#### DATA EXCERPTS
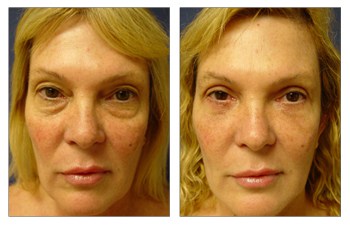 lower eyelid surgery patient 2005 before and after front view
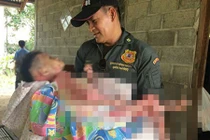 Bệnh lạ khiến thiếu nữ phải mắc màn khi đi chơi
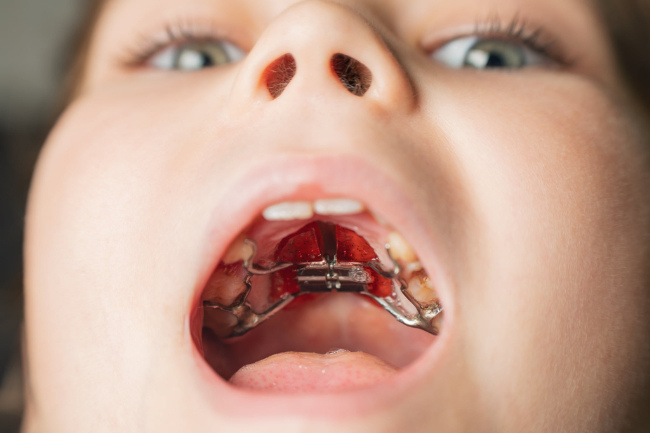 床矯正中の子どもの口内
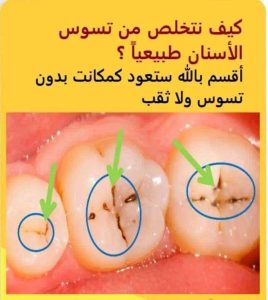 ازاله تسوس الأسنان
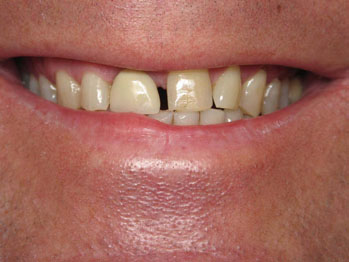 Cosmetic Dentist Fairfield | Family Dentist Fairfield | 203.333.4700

...

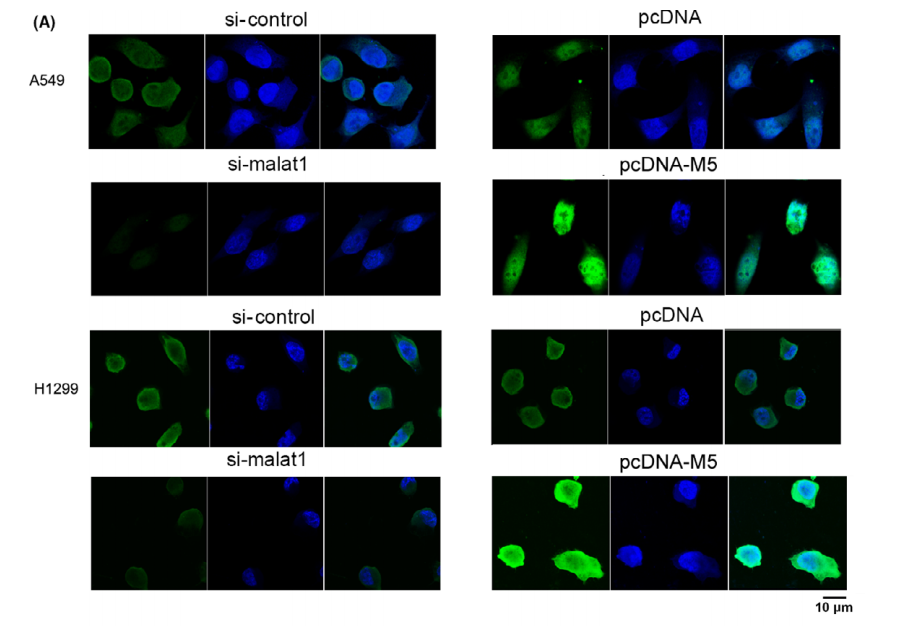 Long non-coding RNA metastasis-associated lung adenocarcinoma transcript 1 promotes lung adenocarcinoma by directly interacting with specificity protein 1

--

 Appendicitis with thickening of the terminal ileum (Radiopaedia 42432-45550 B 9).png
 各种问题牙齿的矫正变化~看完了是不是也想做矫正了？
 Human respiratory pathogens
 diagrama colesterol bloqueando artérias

#### INSTRUCTIONS FOR THE TASK
Retype, in the same exact form, the lines of the material above from the line holding "Appendicitis with thickening" through the line holding "diagrama colesterol bloqueando artérias".

#### ANSWER SPACE
 Appendicitis with thickening of the terminal ileum (Radiopaedia 42432-45550 B 9).png
 各种问题牙齿的矫正变化~看完了是不是也想做矫正了？
 Human respiratory pathogens
 diagrama colesterol bloqueando artérias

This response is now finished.